This reminds me of in assignment 3, for the breadth-first search, there were certain sections that needed to happen sequentially to prevent interference between the threads. When using "# pragma omp critical," it often seemed to be slower than when using "# pragma omp atomic." I wasn't sure why that would be, but this seems to be one possibility... Was it that declaring a critical section was like surrounding it with a lock, so that it always slowed down the system on that section, whereas using "atomic" used optimistic concurrency, like described on this slide?

ycp

@jmnash You seem to be right.

Source

So a basic summary of what this says:

  • If you have multiple critical sections that are unnamed, this can cause a huge slowdown. This could have been a problem because if you had two different critical sections, but they were not named, then only one thread can be in either of them, even if they were not dependent on each other. This can be thought of by using the same lock on both sections. Of course, this can be fixed by naming the sections differently.

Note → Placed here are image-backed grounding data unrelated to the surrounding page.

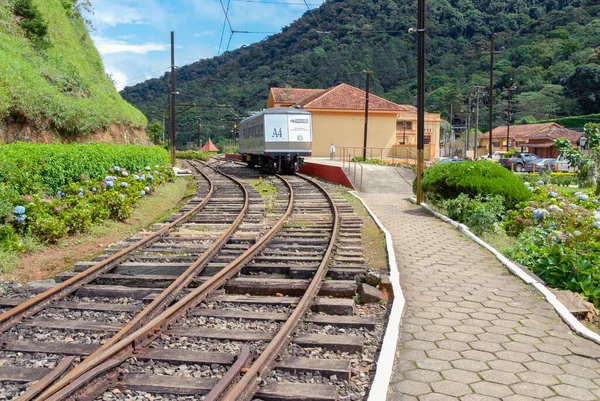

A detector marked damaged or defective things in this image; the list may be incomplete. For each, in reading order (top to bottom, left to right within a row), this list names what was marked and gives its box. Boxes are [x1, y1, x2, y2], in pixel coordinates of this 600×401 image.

rusty rail [37, 173, 296, 400]
rusty rail [219, 174, 342, 400]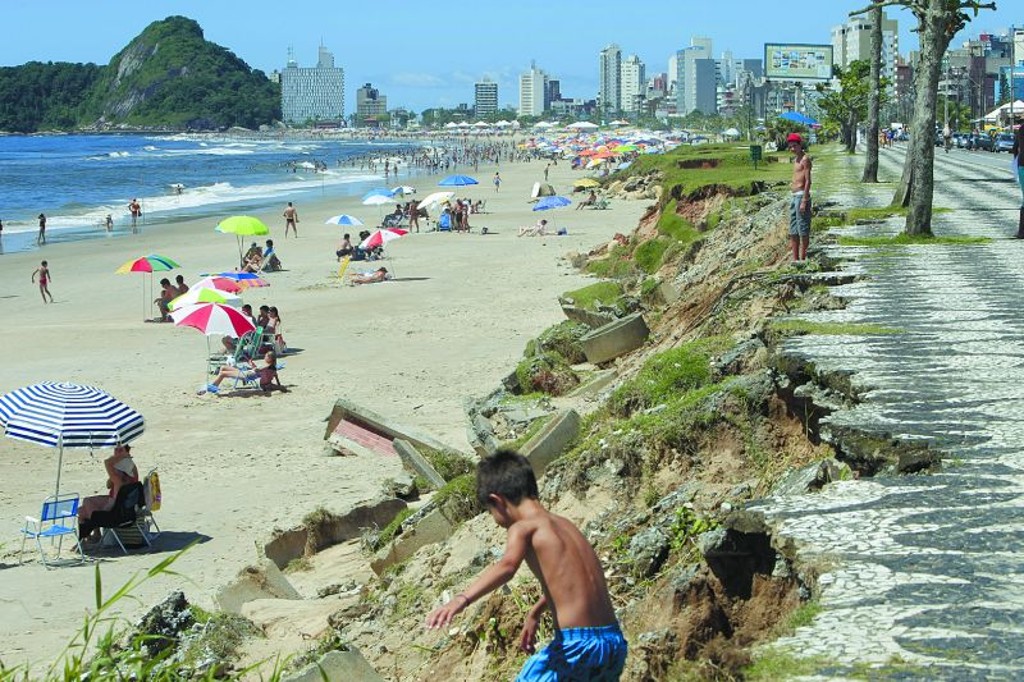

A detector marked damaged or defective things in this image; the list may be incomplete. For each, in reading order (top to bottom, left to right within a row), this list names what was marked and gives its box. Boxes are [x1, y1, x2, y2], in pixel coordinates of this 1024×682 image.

broken concrete slab [581, 311, 651, 364]
broken concrete slab [393, 438, 446, 485]
broken concrete slab [524, 405, 581, 475]
broken concrete slab [214, 557, 299, 614]
broken concrete slab [280, 647, 385, 679]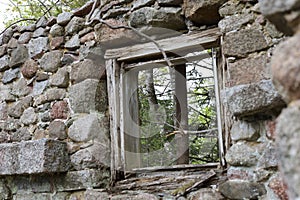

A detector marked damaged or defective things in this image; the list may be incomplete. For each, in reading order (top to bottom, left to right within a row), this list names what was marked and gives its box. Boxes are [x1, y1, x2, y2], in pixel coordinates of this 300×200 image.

broken window frame [104, 27, 224, 182]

  • For atomic sections, it requires a lot less overhead, but it also relies on the hardware having an atomic operation for whatever is in the section. In that case, no locks are necessary. However, if that is not the case, locks might have to be used. Additionally, being in an atomic operation section does not stop any other thread from entering another atomic section like unnamed critical sections do.

pinkertonpg

To add on to potential downsides of using atomic, @ycp mentions that using it requires the hardware to have an atomic operation for the code inside the atomic section. The OpenMP specs actually specify what kind of operations can be inside of a atomic section (things of the form x++, x--, x binop = expr or similar). From the above comment, it may seem that if the expressions inside the atomic region do not follow the guidelines, the atomic expression may just use a lock. This is not true as far as I know; instead, the compiler will just yell at you until you fix it. Source: personal experience in assignment 3.